Start of Block

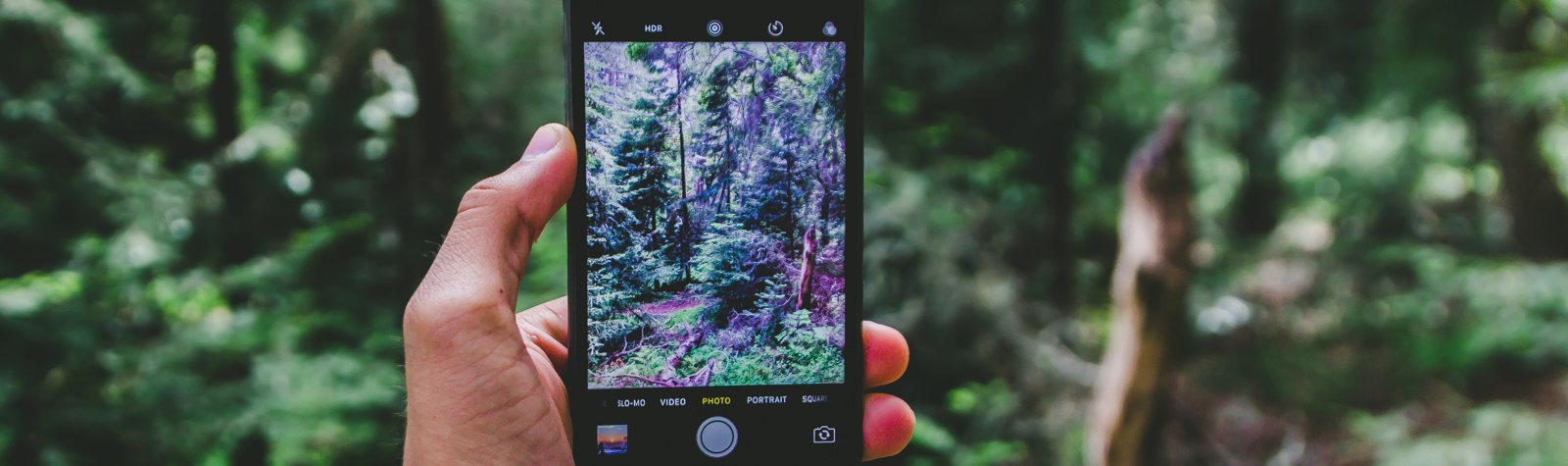 Impress Your Loved Ones With Better Photos
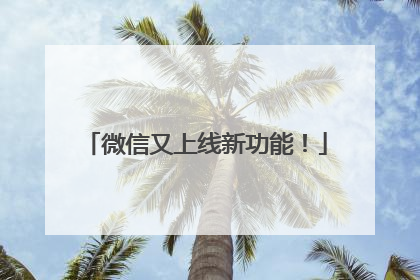 微信又上线新功能！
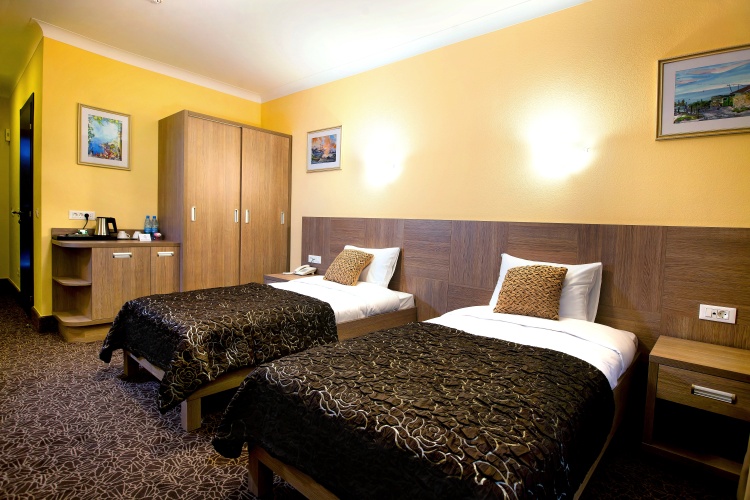 Standard Twin room with view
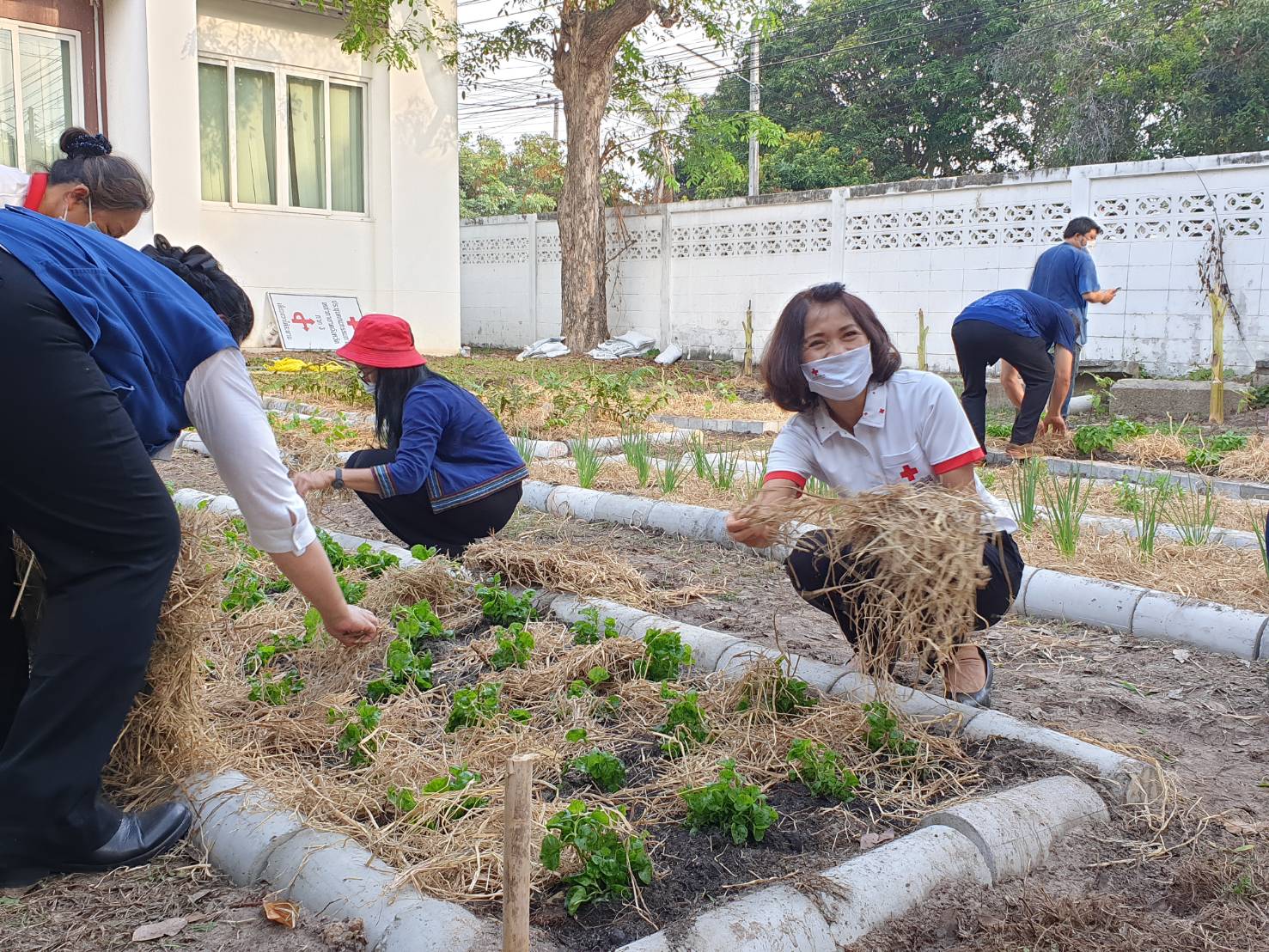 “เหล่ากาชาดจังหวัดระยอง Kick off  ปฏิบัติการ “ปลูกผักสวนครัว เพื่อความมั่นคงทางอาหาร” สู้ภัยทุกวิกฤต …พอเพียงตามรอยพ่อ”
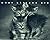 What Kittens Are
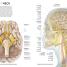Human Anatomy - thumbnail of spread image 3 Thumbnail image of Human Anatomy - 3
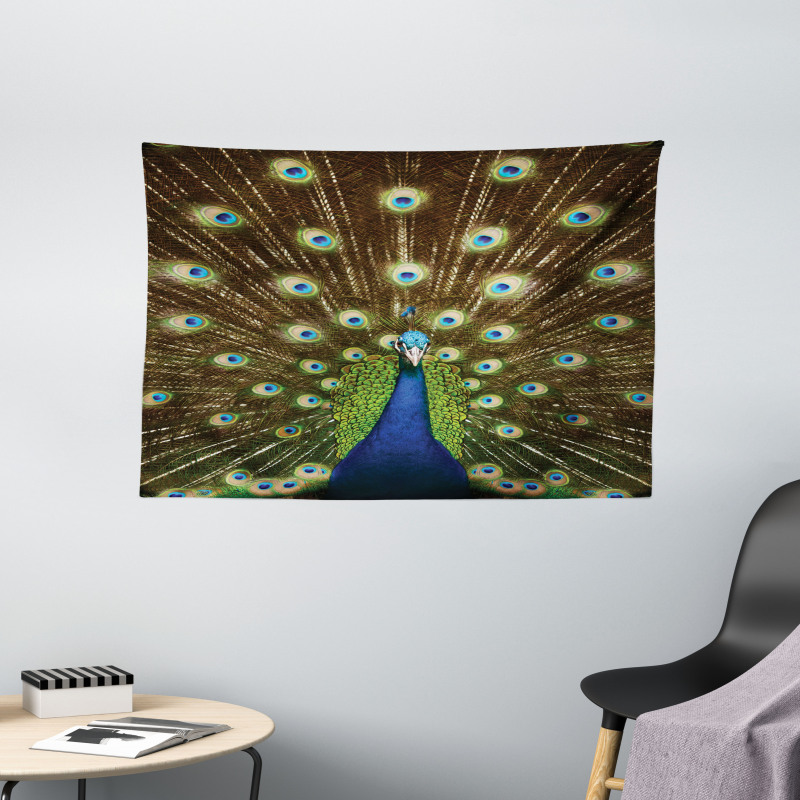 Peacock with Feathers Wide Tapestry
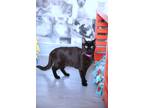Adopt Mischa a Domestic Shorthair / Mixed cat in Albuquerque, NM (41470090)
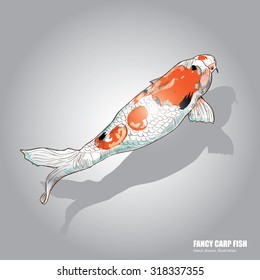 illustration of koi fish. drawing vector.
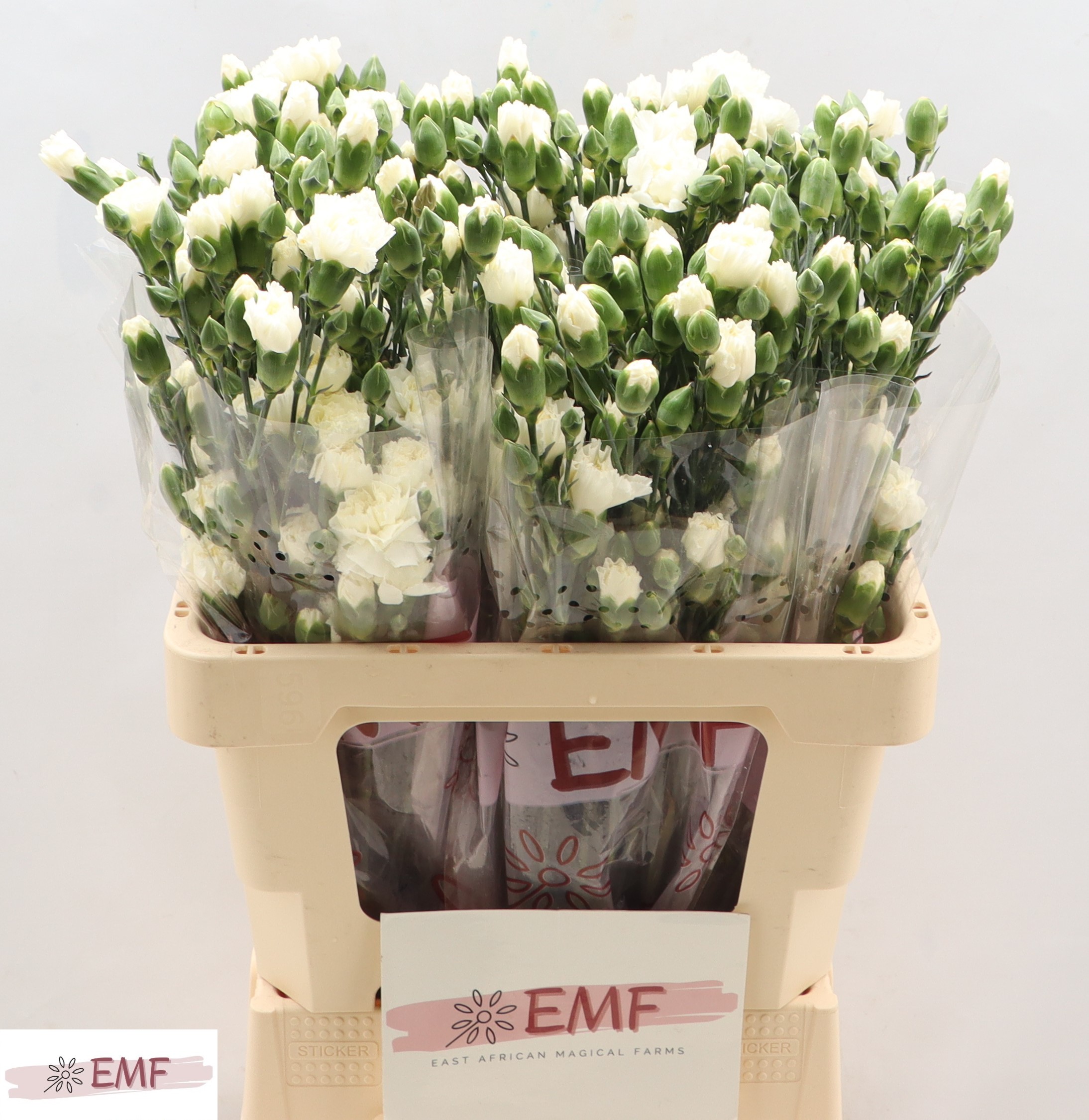Dianthus Spray Milky Way 65cm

End of Block

◆ **PROMPT**
Return the material from above in full, exactly as written, with the pictures omitted.

◆ **FINAL ANSWER**
 Impress Your Loved Ones With Better Photos
 微信又上线新功能！
 Standard Twin room with view
 “เหล่ากาชาดจังหวัดระยอง Kick off  ปฏิบัติการ “ปลูกผักสวนครัว เพื่อความมั่นคงทางอาหาร” สู้ภัยทุกวิกฤต …พอเพียงตามรอยพ่อ”
 What Kittens Are
Human Anatomy - thumbnail of spread image 3 Thumbnail image of Human Anatomy - 3
 Peacock with Feathers Wide Tapestry
Adopt Mischa a Domestic Shorthair / Mixed cat in Albuquerque, NM (41470090)
 illustration of koi fish. drawing vector.
Dianthus Spray Milky Way 65cm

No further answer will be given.